Las cartas con matasellos del 12 de enero de 1951, sin fechar por el autor, y la del 22 de septiembre de 1951 (con matasellos del 25) no dejan de ser unas breves misivas con cuestiones habituales entre ellos, como el mal de ausencia. «Cuánto te echo en falta», le dice a Morales tras su vuelta a Madrid después del verano en Plencia. Se queja de una inercia absoluta, si bien se interesa por una obra de teatro desconocida de Morales, agradece un giro postal o económico (aunque no se entiende bien la grafía) y comunica que Dámaso (Alonso) escribirá un ensayo sobre su poesía, que nunca hizo. El poeta se ríe de los versos de Canito y se queja de un tal Cueto, o habla de su poca tendencia a cotillear o contar cosas. En la carta del 12 de enero se interesa por el citado concurso de San Sebastián y le comenta a Morales que le ha preparado el terreno en la medida de lo posible.

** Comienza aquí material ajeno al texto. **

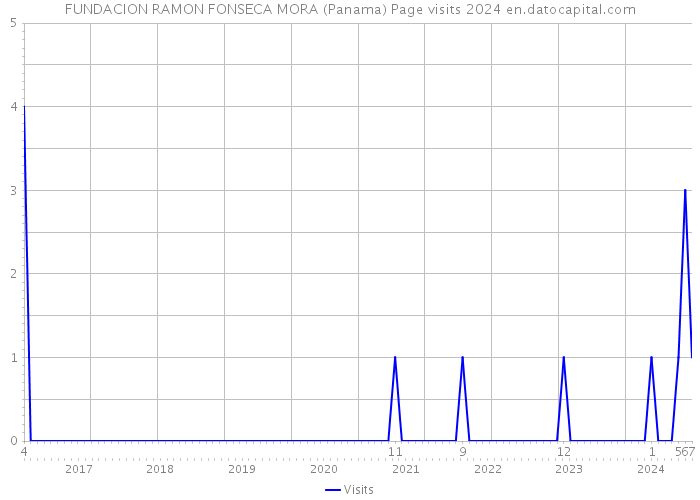 FUNDACION RAMON FONSECA MORA (Panama) Page visits 2024 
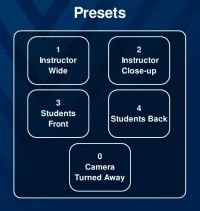 Camera Preset Buttons: 1 Instructor Wide, 2 Instructor Close Up, 3 Students Front, 4 Students Back, 0 Camera Turned Away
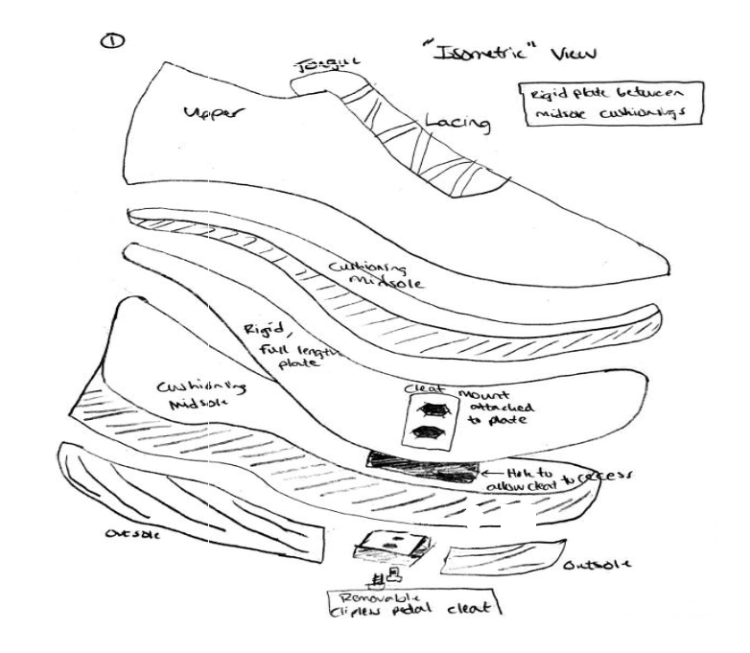 Dual Purpose High Performance Running and Cycling Shoe | Venture ...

La carta enviada desde París tiene un mérito increíble, pues, a pesar del poco dinero que tiene, envía una postal. Será la última carta y, en ella, Otero agradece alguna reseña, seguramente, de su amigo Morales en el periódico El Correo Español. El Pueblo Vasco o alguna gestión en ese sentido. Muestra la consabida melancolía por no estar en Bilbao con los citados amigos de su cuadrilla intelectual y artística y pregunta por la falta de noticias de Javier de Bengoechea. Comenta que lo habitual es andar por las calles, dar algunas clases y, con sorna, esperar que le toque la lotería. Pero sobre todo da noticia de «Lo traigo andado», es posible que aquí, en esta carta, por primera vez, en respuesta a las preguntas de Morales. Con sus versos terminamos este breve testimonio de un momento, que ya empieza a ser lejano, de la historia de la poesía española. A continuación, los versos de Otero escritos en la carta:

Pueblos de España acudid

al papel, andad

en voz baja, bajo la pluma. Álamos

no os mováis de la orilla

de mi mano…

                        Monte

                        Aragón, etc.